As a general guide, I will put down a combo of slow and fast release in mid spring with biostimulant ( prime example is carbon x - I put down 0.5lb/month- this is lower than the nitrogen blitz). Summer months I would put down slow organic alternative (for me this is baystate fertilizer). 
Even though I do have irrigation I do not like mowing 3 times a week in the heat of summer so that helps. Lol

Late summer early fall - a mix of slow and fast release and transition to AMS initially and then urea later.

Please keep in mind that I try keeping my costs down because I have a 24k lawn so costs explode sometimes. 
You can use some higher quality products (which are more expensive but better results) and have a great looking lawn

One piece of advise. Go slow in buying stuff. Look at a few places before pulling the trigger. 
Look at co-OP stores. Nutrien AG should have a store near you. Urea and AMS are typically around $15 a bag (great value and will last you a while)

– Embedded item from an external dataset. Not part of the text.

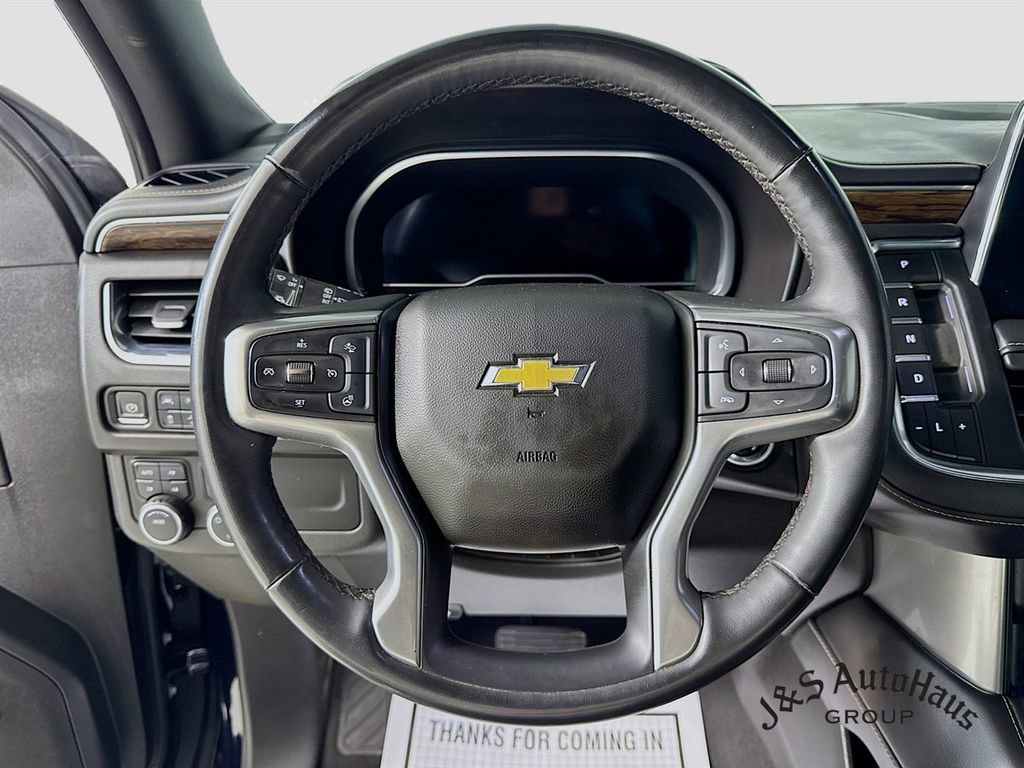 Used 2023 Chevrolet Suburban Premier AWD/4WD image 12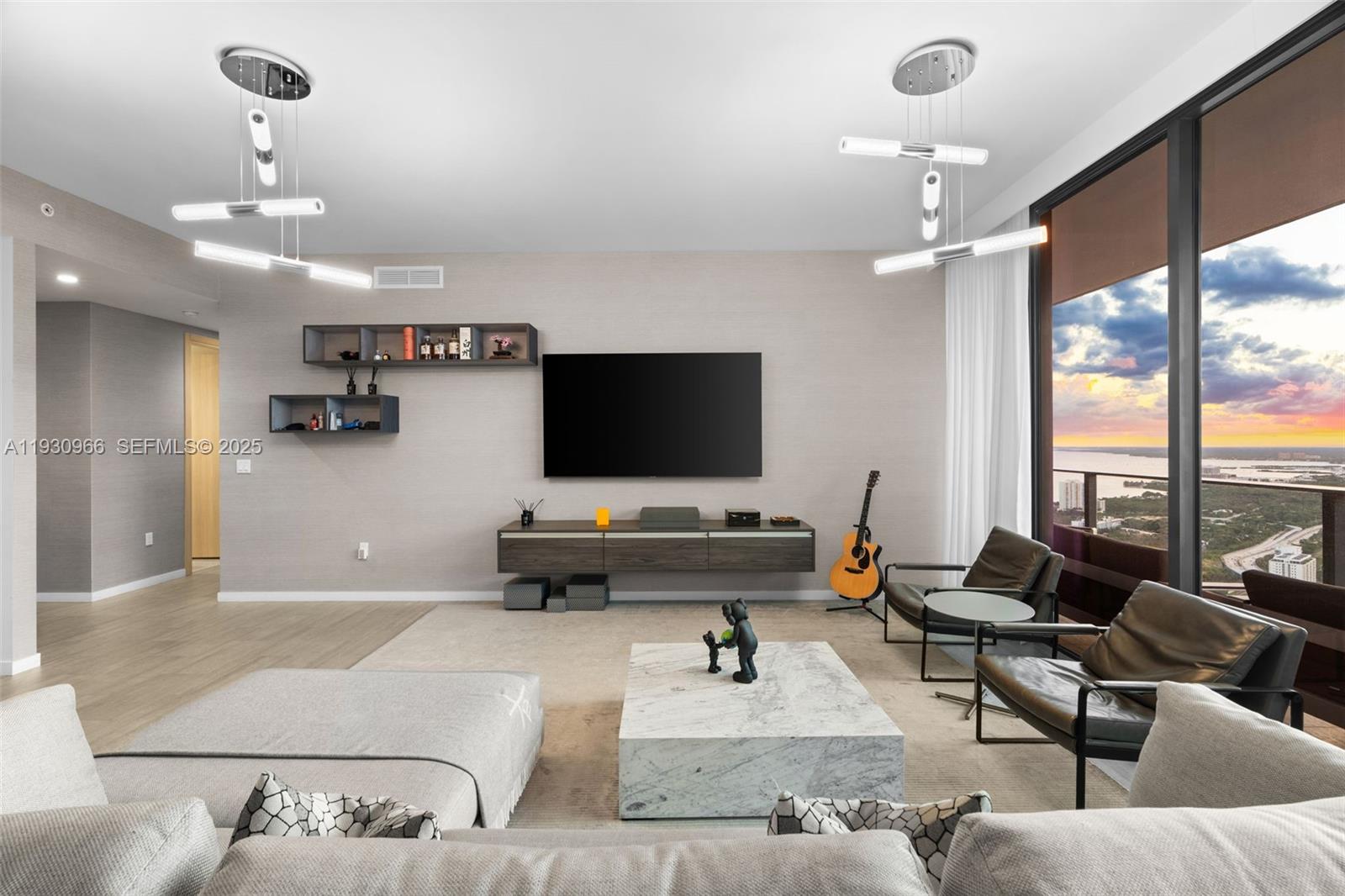 1000 Brickell Plz, Miami FL 33131 — #A11930966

Also compare pricing of liquid prodiamine spray- I feel its more cost effective and I get a more uniform coverage.


----------



## john5246 (Jul 21, 2019)

uts said:


> john5246 said:
> 
> 
> > .
> ...


For me I found the idea to not fertilize in July to be wrong. I had been doing it for over 15yrs with scotts products...specifically the "summer guard" which has bug killer in it. We never had a big problem with rust until this year when I decided I would only put down Milo during July.


----------



## gm560 (Feb 22, 2018)

The cheapest way IMO is to not be dead set on any particular brand or product and dont buy anything until very late in the season. Then drive around it your local Lowes, HD, Walmart, etc. They will knock down leftover fertilizer to a borderline ridiculous degree. Those #25-50 bags of fertilizer will cost them a fortune to store for the next 5 months, so they just want them gone. I have purchased bags of scotts, lesco, etc for the price of a cup of coffee. Know what you need for the next season and buy it all at a discount.

In terms of weed control, yes that Prodiamine is likely the best bang for your buck. For post emergence, I like the WeedBGon + Quinclorac for 95% of the weeds I see in my lawn. If you are not blanket spraying, which you shouldnt need to do often, the 32oz bottle of concentrate should last you a while and is not a lot of money. The spectracide product you posted is similar.


----------